PARIS
My usual avoidance of tourist-like behavior was overruled by my ten year old fantasy of standing on the Eiffel tower. It poured as I stood in line, and they closed the top level right before I got to the ticket counter, but I was an over-eager child and unfazed by the crap weather and my bad timing.
As an Art History enthusiast I felt I was sort of required to go to the Louvre. I went my second day with two girls from my hostel. Unfortunately, it made me realize why I decided to travel alone. It's such a pleasure to be on your own time schedule and to make your own itinerary.
The collection at the Louvre is overwhelming and I only made it through about half of the museum before I started to feel dizzy. Seeing the Mona Lisa in person was a little lack luster. With all the other incredible things in the museum, I sort of started to wonder why everyone runs there first. My absolute favorites were Michelangelo's marble statues.
Following the Gardens which lead to the Arc de Triomphe, I soon found myself in the neighborhood of Chanel and Yves Saint Laurent and also the most expensive place to find something to eat. I then decided to check out Montmatre (the old hangout for creative types and artists including Picasso). To get to Montmatre you have to climb up a winding street. The neighborhood sits on top of a mountain peak. From the top, you can see the entire city just sprawling for miles and miles. I had a glass of wine on an overlook underneath the Sac de Coeur.
That night I felt compelled to visit Canal St. Martin, which at eleven, was almost impossible to make out in the dark. My third day in Paris was my favorite because I got to do it alone. I first decided to visit the Sorbonne and wandered afterward into the Luxembourg gardens--which are lovely.
I couldn't get over how many professional, working adults in Paris were not actually at work on a weekday in the afternoon. The gardens were crowded with locals who had a cigarette in one hand and a glass of wine in the other. Some people were there with their children. I saw little boys racing toy sailboats in one of the garden's many shallow schools. It's pretty old school--the boys poke the boats with long sticks to further them along.
Afterward I decided to go to the Marais which is mainly a residential neighborhood but filled with lots of little, hidden boutiques and cafes. I was stopped and asked for my picture by a girl who writes a fashion blog for WAD magazine which was so flattering and totally made my day.
Once again, I had a tuna sandwich for lunch. I have been eating the best tuna sandwiches here. I think the difference is the sliced hard-boiled egg the bakeries are so found of including here. It's true what everyone says. The bakeries in Paris are some of the best in the world and the Marais was no exception. After I finished my sandwich I made sure to save room for the dreamy pastry desserts.
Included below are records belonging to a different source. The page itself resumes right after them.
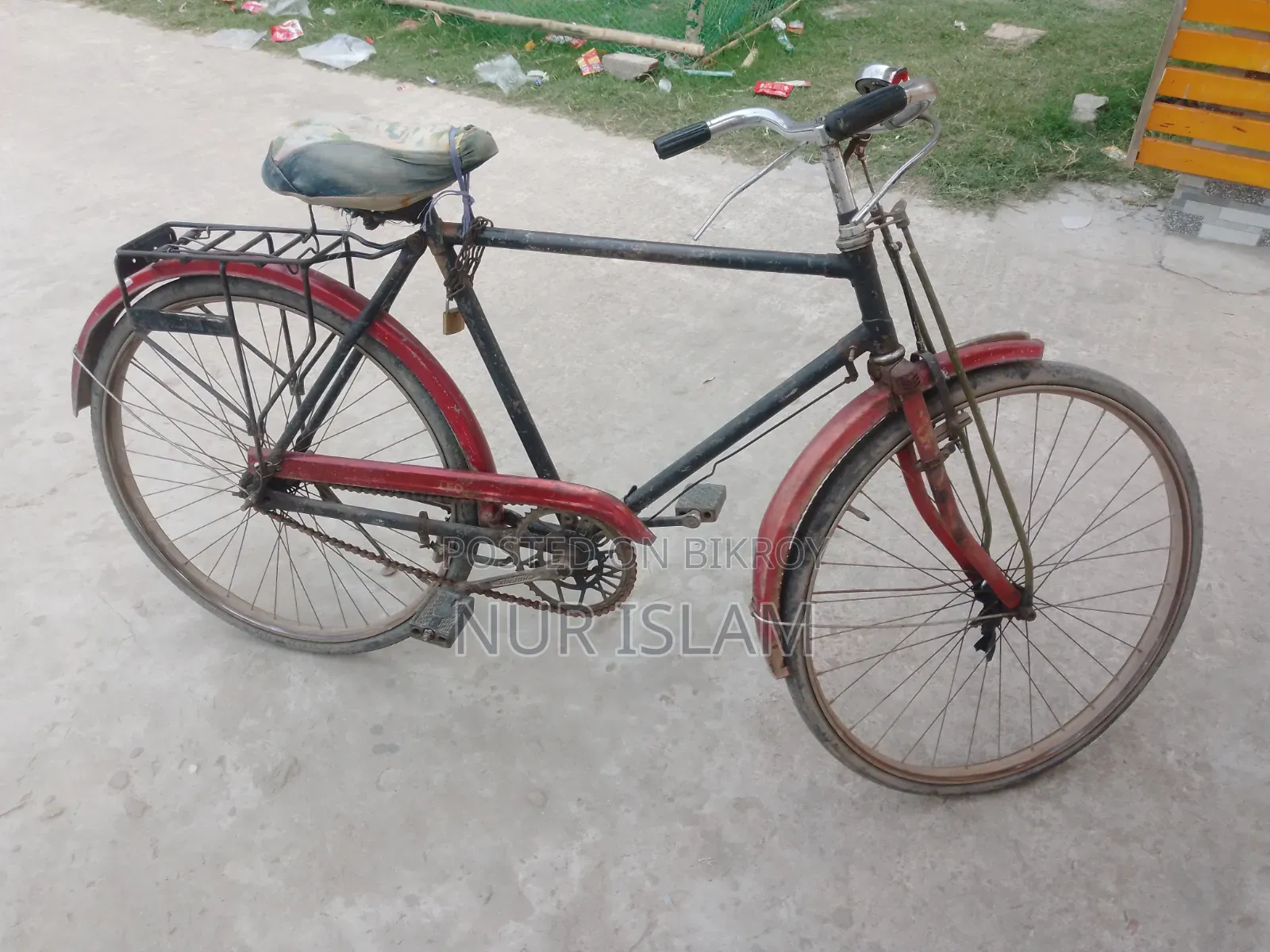 The Bicycle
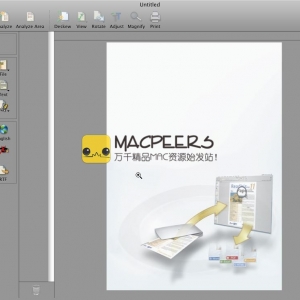 Readiris Pro / Corporate for mac 15.2.0 中文版 OCR软件 PDF 自动识别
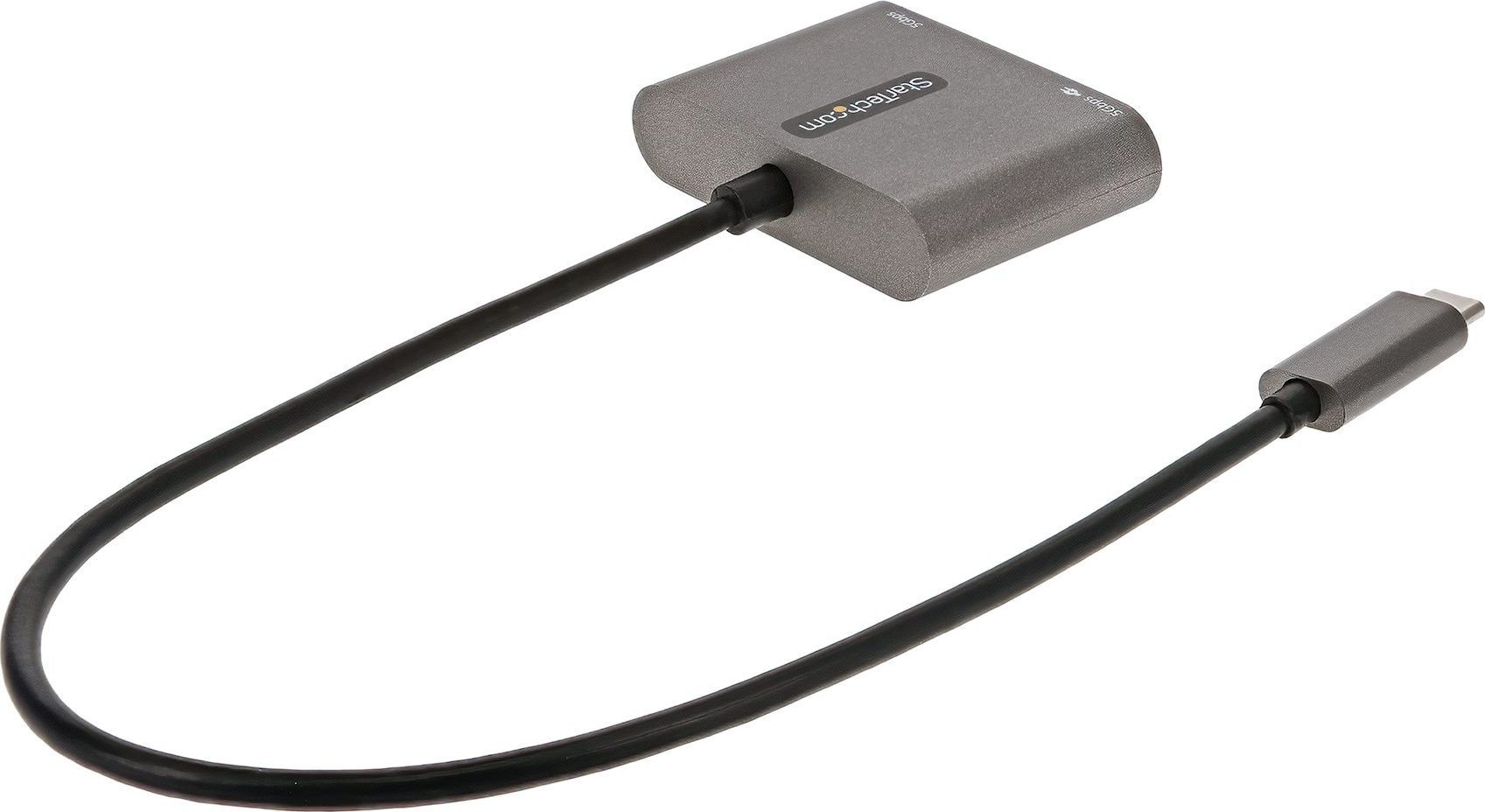 Adapter multiport USB C StarTech.com HB30C4A1CFB, HDMI 4K, PD 100W, i zi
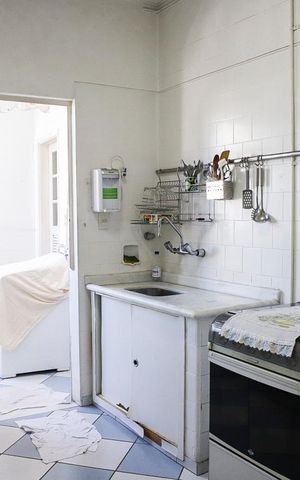 Apartamento à venda com 83m², 2 quartos e sem vagaCozinha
Parc Andrea Citroen I had heard was a good place to explore so I went there next. It was in a neighborhood that seemed completely isolated from the rest of the city. The one thing I keep noticing here is how integral the city's many green spaces are to the quality of life that Parisian's have. Each garden is more beautiful than the last and though I'm not usually a kid person, I keep finding it really adorable to watch the local children play together in the city's parks. They seem especially fond of sprinklers.
There are interactive fountains at Parc Andre Citroen that spurt vertical shoots of water up at differently timed intervals. The Parisian children love to wait at the sides until right before the water erupts out of the ground and then they throw themselves into the spray at the last minute. They almost seem to know exactly when it is going to happen.
With how barren the park feels, I was shocked to look up and see that that from the park, you can see the Eiffel tower. It looked to be so close I assumed the Eiffel tower might even be in walking distance and I began to follow it until I was directly underneath.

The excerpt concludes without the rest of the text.